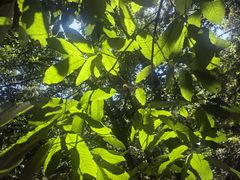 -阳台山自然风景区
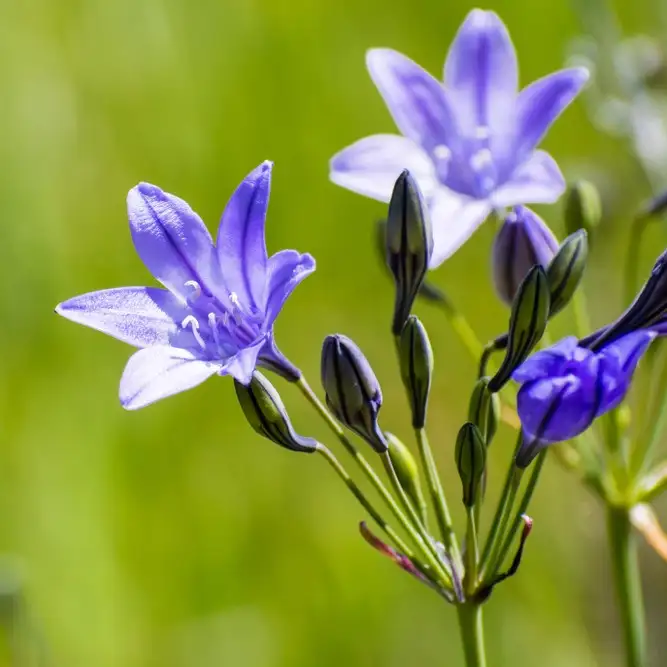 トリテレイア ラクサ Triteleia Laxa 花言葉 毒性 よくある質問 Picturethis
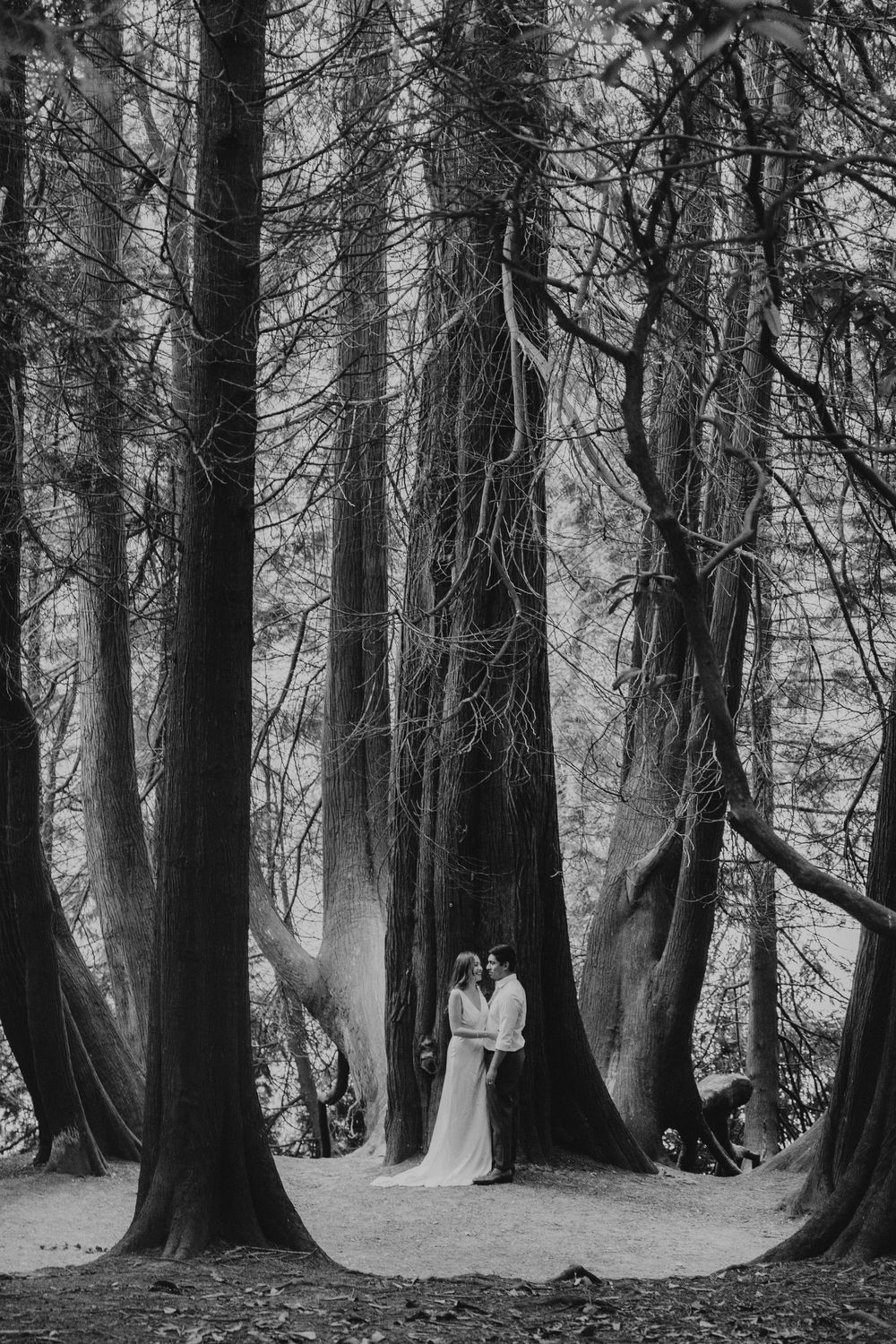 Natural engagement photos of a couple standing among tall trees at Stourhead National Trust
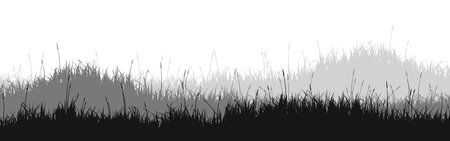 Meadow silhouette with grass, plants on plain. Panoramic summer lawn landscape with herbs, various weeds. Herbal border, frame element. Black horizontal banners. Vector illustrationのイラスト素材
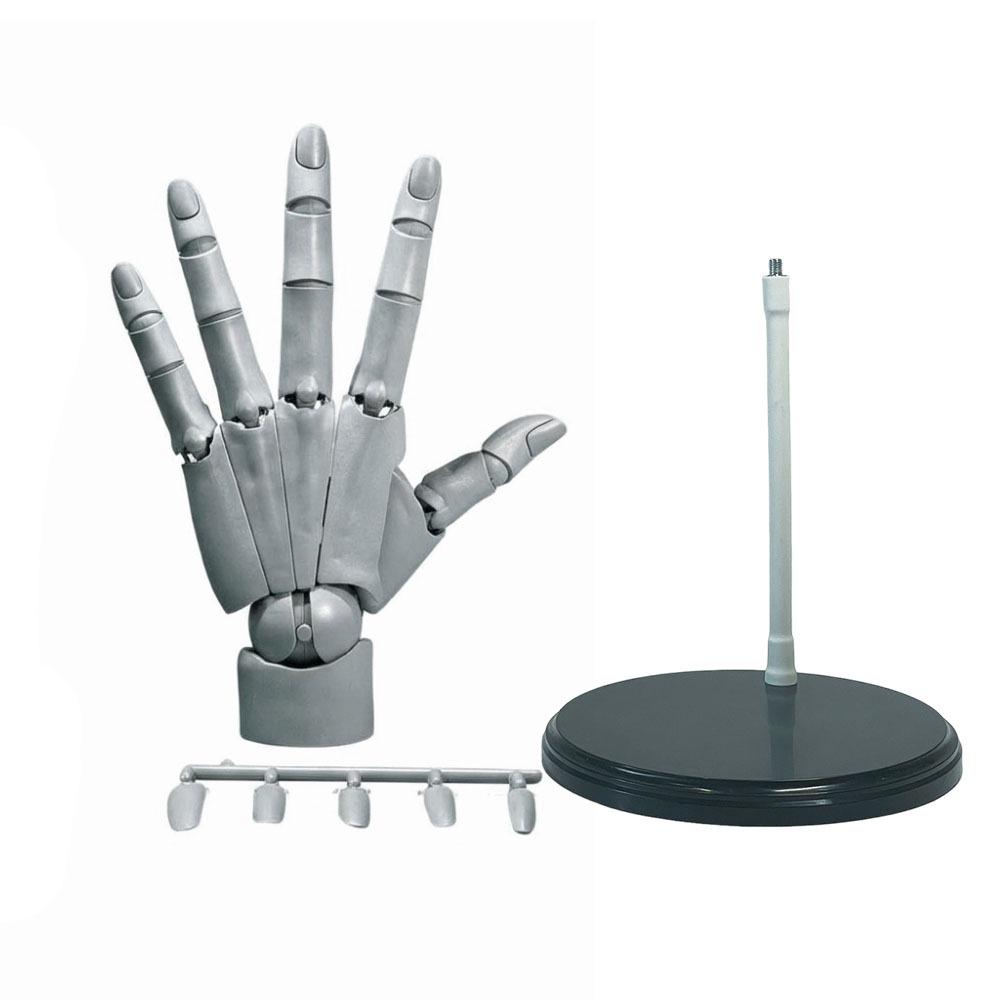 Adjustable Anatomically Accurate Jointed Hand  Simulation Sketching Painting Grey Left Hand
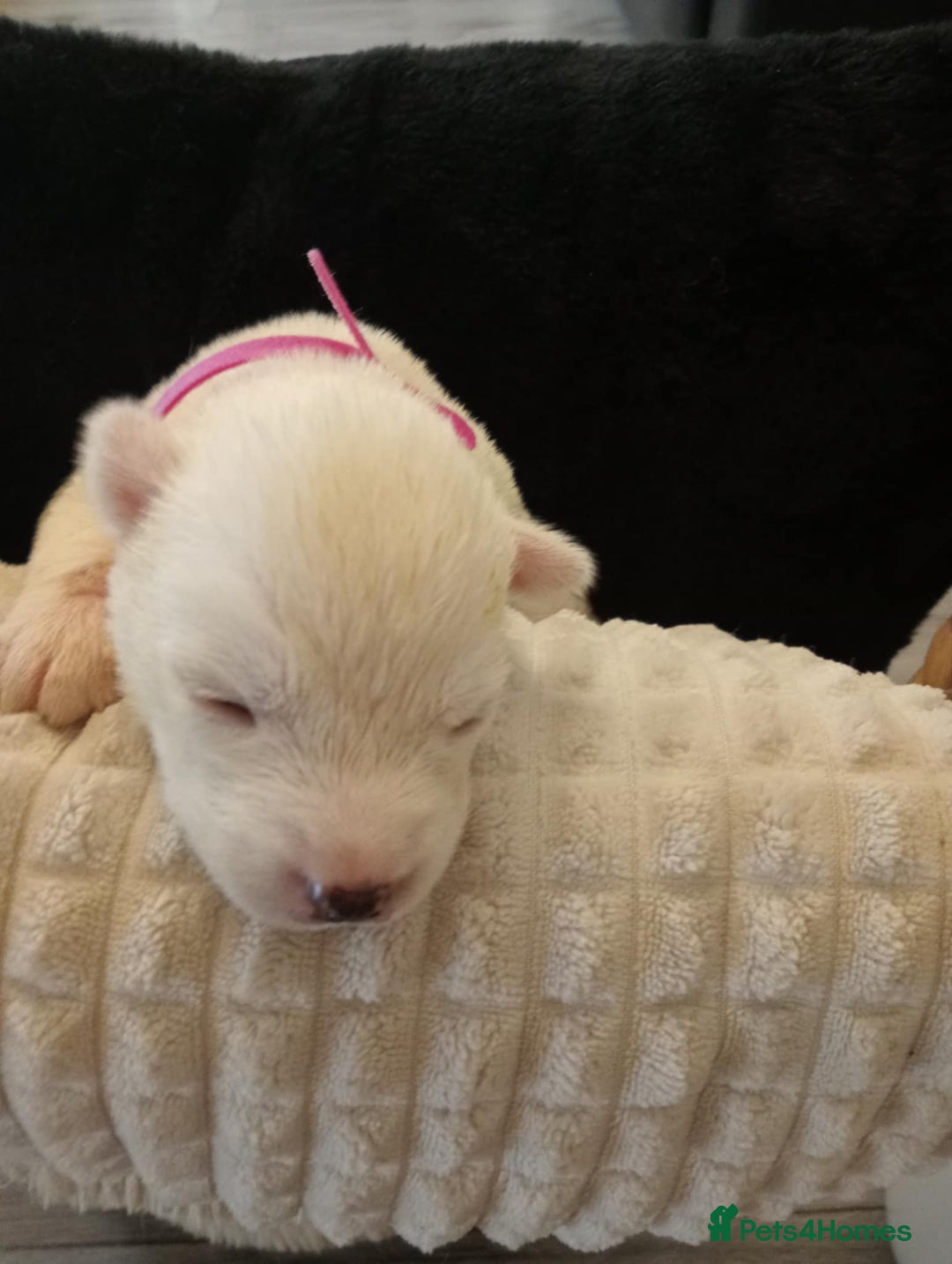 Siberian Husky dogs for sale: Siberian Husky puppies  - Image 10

--------------------------------

#### Exercise directions
Reproduce the data above word for word from its first line through the line that holds "Natural engagement photos", both ends included; skip pictures.

#### Exercise output
 -阳台山自然风景区
 トリテレイア ラクサ Triteleia Laxa 花言葉 毒性 よくある質問 Picturethis
 Natural engagement photos of a couple standing among tall trees at Stourhead National Trust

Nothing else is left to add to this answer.